In my travels to many cities, I have noticed that Hobby Stores are closing, or going to selling merchandise online only. There are less train clubs, and less train shows for the general public. GATS is no longer around and Greenberg is not coming to as many cities. This is hurting the hobby. If it does not stop the hobby will no longer be around either.

What is killing your local hobby store and the touring train shows? The online stores and EBAY that operate out of people’s houses. You are able to shop online, and sometimes find better deals than at your local hobby store. Your online stores do not have to carry much inventory, because they say that all orders will ship within 5 – 7 business days. This is because it will take them that long to get the merchandise from their wholesaler. They also do not have to have overhead cost of utilities, insurance, employees, etc. These costs allow the online establishments to under price your local hobby store, taking business away and slowly but surely driving your hobby store out of business. Where I live, there have been 4+ hobby stores that have gone under in the last 6 years because of Internet competition.

These same things have hurt the GATS and Greenberg shows. They have stopped coming around to some of your cities. I know what you may be thinking, but there were so many people there. Yes, attendance may have been great and the revenue from the door made GATS and Greenberg happy, but were people buying items thus keeping the dealers happy? I’m guessing not. Without dealers, you can not have a traveling show, plus the overall cost of building insurance, transportation and travel costs were going up through the roof. Why should dealers travel 300+ miles and not make anything, when they can sell online.

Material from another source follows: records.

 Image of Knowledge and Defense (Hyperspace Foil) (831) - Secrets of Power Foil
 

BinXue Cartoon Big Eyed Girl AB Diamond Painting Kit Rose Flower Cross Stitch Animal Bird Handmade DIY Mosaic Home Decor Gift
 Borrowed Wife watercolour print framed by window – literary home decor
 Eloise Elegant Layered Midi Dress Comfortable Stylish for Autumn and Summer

How many of you have a kid, that not only has a DVD player, cable and or satellite TV in their room, but also a Playstation or Gamecube, if not both. Kids these days feel like playing with video games, not building a train set. Why do you think Microsoft came out with a Train Simulator? They knew kids would want it and play it. When my generation was growing up in the 70’s and 80’s, there were no video games for the home and most of us did not have cable. We had to entertain ourselves, playing outside or running trains was a great way for our parents to spend time with us.

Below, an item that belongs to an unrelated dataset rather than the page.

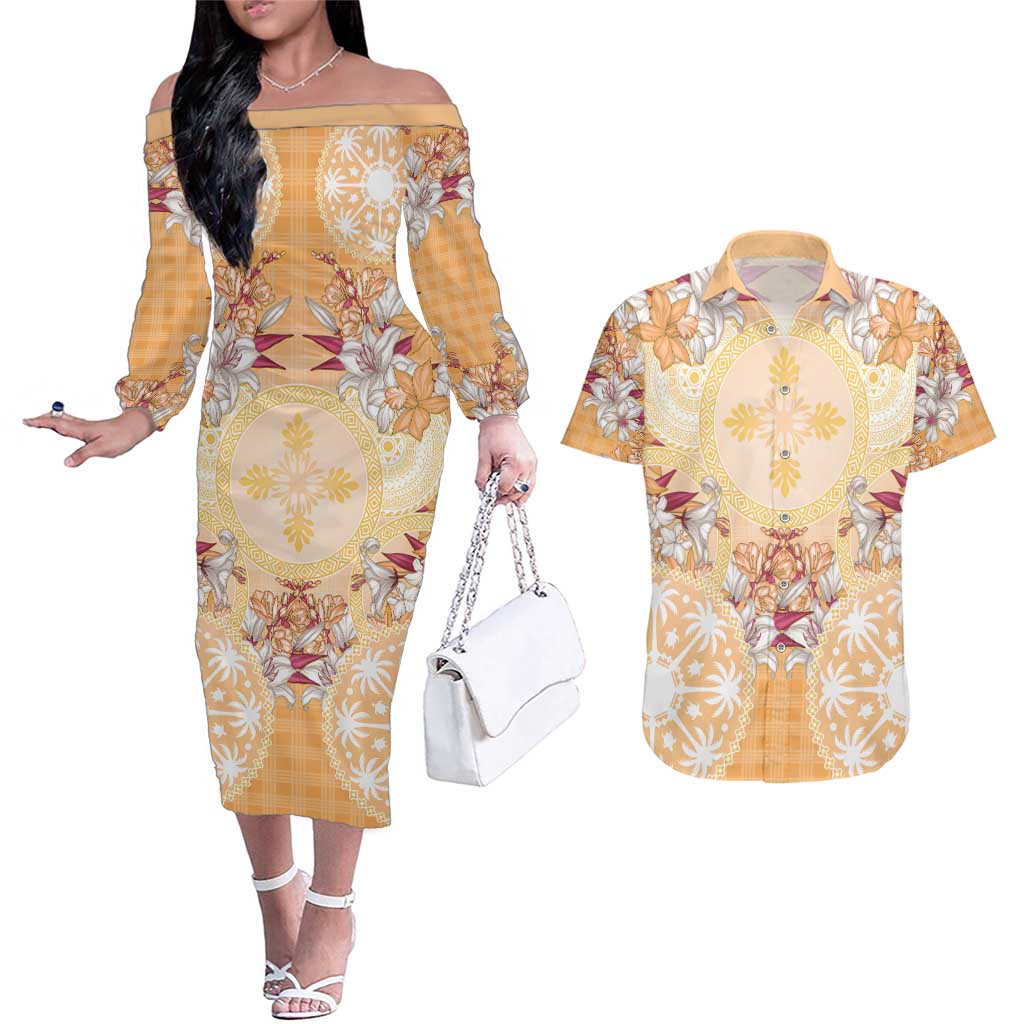 Hawaii Peach Palaka Couples Matching Off The Shoulder Long Sleeve Dress and Hawaiian Shirt With Tapa Pattern Tropical Flowers LT05 Peach - Polynesian Pride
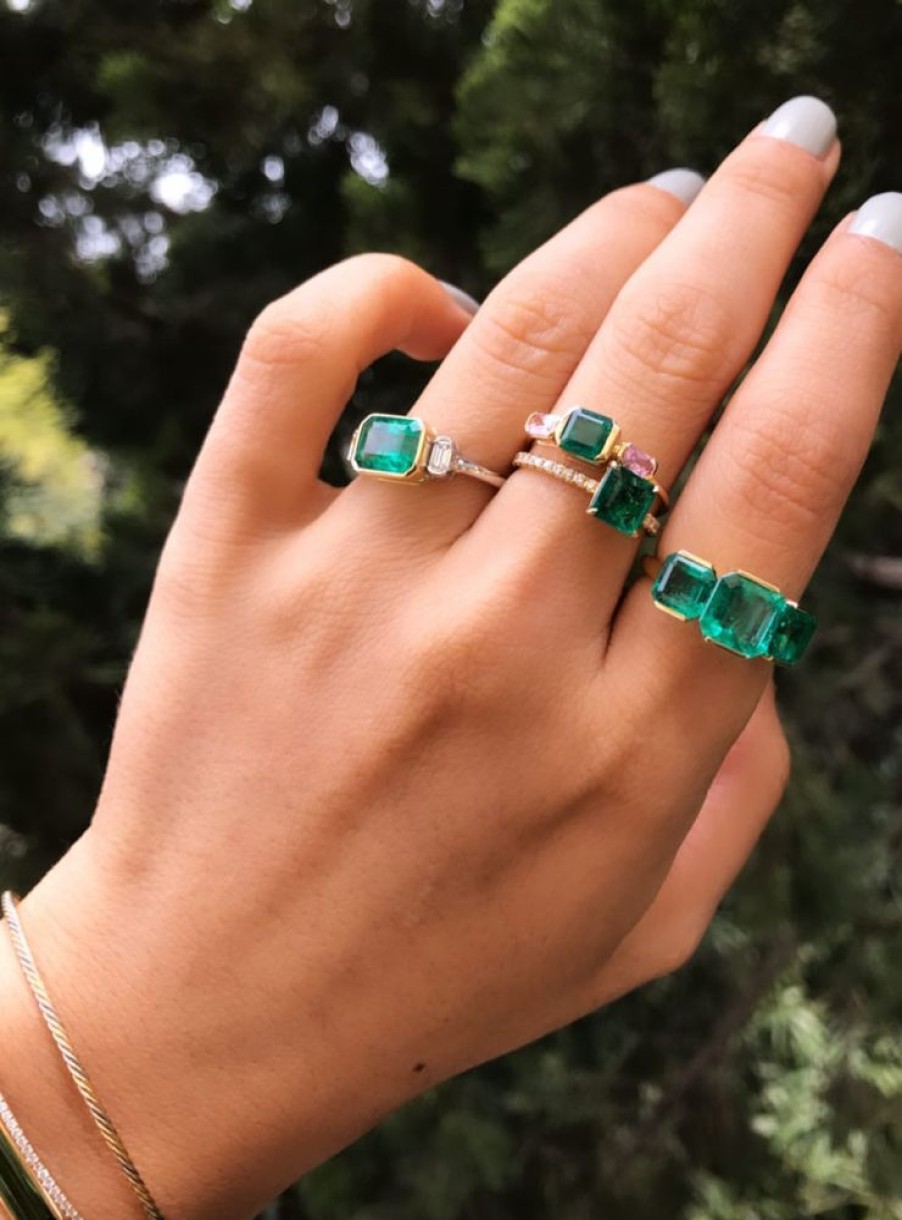 Jewelry YI Collection Something Bigger | Emerald & Pink Sapphire Triplet Ring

Not these days! Adults put a game in for the kids so that you are not interrupted from talking on the phone, instant messaging someone, and watching your TV. Kids want video games, not trains, and parents are totally in agreement with this.

There is a 2-fold solution here. One, spend time with your kid and build a model, put a train set together, visit local train shows that clubs put on. If you still get GATS or Greenberg, then visit them. You and your kid spend more time together, and you son may want you to purchase a train set. Plus, you can explain all of the new technology that is out there for the hobby, such as DCC, sound chips, realistic lighting, running the trains from computers, having lights and switches working with a touch of a button. You can show them that not all technology is for their Playstations. As smart as kids are, they might surprise you on how quickly they get involved in model railroading.

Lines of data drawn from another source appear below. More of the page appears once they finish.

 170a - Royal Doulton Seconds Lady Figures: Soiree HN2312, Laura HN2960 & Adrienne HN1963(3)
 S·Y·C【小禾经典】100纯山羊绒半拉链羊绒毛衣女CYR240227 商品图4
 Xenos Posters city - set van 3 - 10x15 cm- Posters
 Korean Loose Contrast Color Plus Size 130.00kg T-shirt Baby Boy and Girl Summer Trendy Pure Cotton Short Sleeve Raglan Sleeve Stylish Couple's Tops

This leads us into the second part of the solution, which is to support your local store. This will enable hobby stores to stay open because of new business, which can help the hobby survive. Yes you may pay a little more, but if you need assistance on installing a decoder, or installing couplers, metal wheels, you have someone local you can talk to. Plus, you can get what you need that day, not 2 weeks down the road. Without local hobby stores, our hobby as we know it, will cease to exist. You can also return something so much easier if the item does not work, plus if you build up a good working relationship, you can even have them special order items that will be out in a few months.

I challenge you to build a train set on a 4 x 8 sheet of plywood, with a few switches, to allow both you and your son to spend time together. It is not that hard, and there are plenty how to books, and your local hobby store can even help you pick out what is needed. From there, the possibilities are endless, and who knows, you and your kids may even be able to build something that is magazine quality.

Jim Ward is a member of the K & I Model RR Club for over 15 yrs, along with being a member of the Division 8 of the NMRA based out of Louisville, KY. He currently is on the Train Show Committee of the Division, helping them move to a larger location to better display the hobby to the general public.